Bengaluru: A fern called Pete has taken the world’s first plant ‘selfie’, according to the Zoological Society of London (ZSL).
The experimental setup in the institution was able to trigger a camera designed to work using energy generated by the plant. The maindenhair fern consistently released low amounts of energy, which snapped the camera every 20 seconds, using microbial fuel cells.
Scientists are hopeful that the technology can be scaled up and adopted in rainforests around the world, where low levels of energy produced by shade-loving plants could trigger camera traps and better monitor forest health.

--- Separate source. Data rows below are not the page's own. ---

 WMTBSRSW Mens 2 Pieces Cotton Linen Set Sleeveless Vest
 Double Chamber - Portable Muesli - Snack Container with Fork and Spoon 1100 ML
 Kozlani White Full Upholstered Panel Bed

Ultimately, scientists hope that the cameras can be used the world over, especially in remote locations, to understand wildlife and flora.
But how it works?
Plants convert sunlight to energy using photosynthesis through which they produce glucose and oxygen. As oxygen is released into the atmosphere, the glucose travels around the plant and some of it is disposed of into the soil through roots as a waste product. Microorganisms and bacteria present in the soil then break down this glucose, releasing more energy in the form of protons and electrons.
This energy was harnessed by the microbial fuel cells using the standard setup of cathode, an anode and a capacitor. When the capacitor was full, it discharged power and a photo was taken.

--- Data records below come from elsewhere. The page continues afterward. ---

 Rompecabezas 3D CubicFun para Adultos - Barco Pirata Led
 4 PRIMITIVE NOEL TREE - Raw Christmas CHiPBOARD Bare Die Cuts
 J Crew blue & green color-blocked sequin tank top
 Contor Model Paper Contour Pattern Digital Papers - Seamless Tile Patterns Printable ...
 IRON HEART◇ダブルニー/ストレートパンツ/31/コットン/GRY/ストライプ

A single fuel cell can generate 0.1 milliWatts of power. The trial used cells connected together to take a photo every 20 seconds.
The trial was set up in June with a battery design chosen from Plant E in Netherlands after a competition by ZSL, Open Plant, Arribada Initiative and Cambridge University to design a fuel cell that can be powered by plants. Plant E is a sustainable technology firm.
The camera works on ultra low-powered technology created by an American artificial intelligence company called Xnor.ai and works at all times of the day.
The findings are also exciting for reasons apart from conservation: Currently, the most efficient way to power camera traps and other wildlife monitoring devices is through solar energy. But these microbial fuel cells work in the shade and do not need other forms of expensive batteries either.